A Neutron Star Tumbling through Space
April 20, 2006
Frank Haberl and an international team of scientists evaluated measurements from an ESA satellite, XMM-Newton. Among these measurements were the signals sent out by neutron star RX J0720.4-3125. This pulsar is located about 1000 light years from us in the constellation Canis Major. The pulsar's light is so weak that only the strongest telescopes can detect it. However, as a source of x-rays, RX J0720.4-3125 is quite powerful. Haberl and colleagues from the University of Padua, the Institute for Space Research in Holland, and the Mullar Space Science Laboratory at University College in London have closely inspected the pulsar's x-ray spectra from various years. The researchers determined that the spectra changed in the course of a few years. Between May 2000 and May 2004, the percentage of higher-energy x-rays increased, then later decreased.
This could indicate that the surface temperature of RX J0720.4-3125 also fluctuates as much as 100,000 degrees celsius, about 10%. The surface temperature determines how strongly a heavenly body emits rays from a particular part of the electromagnetic spectrum. Haberl says, "we think it is highly improbable that the surface temperature of the neutron star changes so much in so few years." He and his colleagues guess, rather, that the axis of RX J0720.4-3125 is moving in a circle and that the star is not remaining stable in space.

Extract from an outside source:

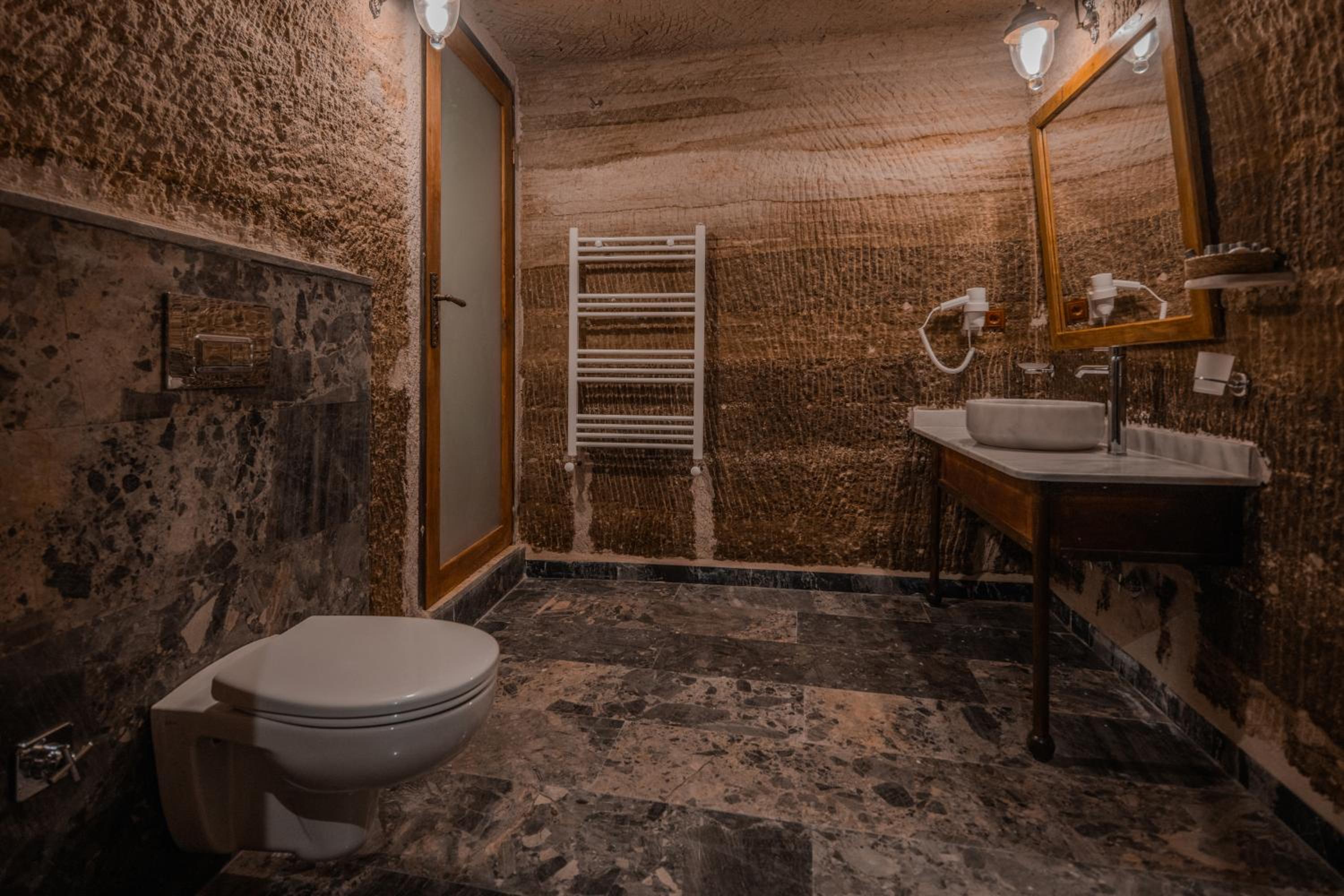 Double Stone Room  - Photo 16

Physicists call this kind of tumbling gyroscopic "precessing". Each of the two poles are moving back and forth in XMM-Newton's visual field. Because the poles are of varying temperatures, they emit various percentages of hard x-rays. It is still not clear to the scientists why one pole is hotter than the other. "Possibly," says Haberl, "the magnetic field is not symmetrical." The magnetic field's strength changes over the surface of the neutron star and influences how much heat is transported out of the interior of the pulsar.
For years, physicists have observed similar fluxuations - but these only lasted a few seconds. RX J0720.4-3125's x-ray energy profile also changes over seconds. The pulsar rotates at this tempo, and we can observe sides with varying temperatures.
Haberl and his colleagues can only speculate about how RX J0720.4-3125 ended up tumbling in this way. It could be that the neutron star flattened out, as it rotated about its axis 100 times a second shortly after its was created. Haberl suggests, "the effect would have been much smaller than on Earth, because it is so dense." That effect could have been enough, however, to cause the star to tumble, if the supernova that created it also gave a little push.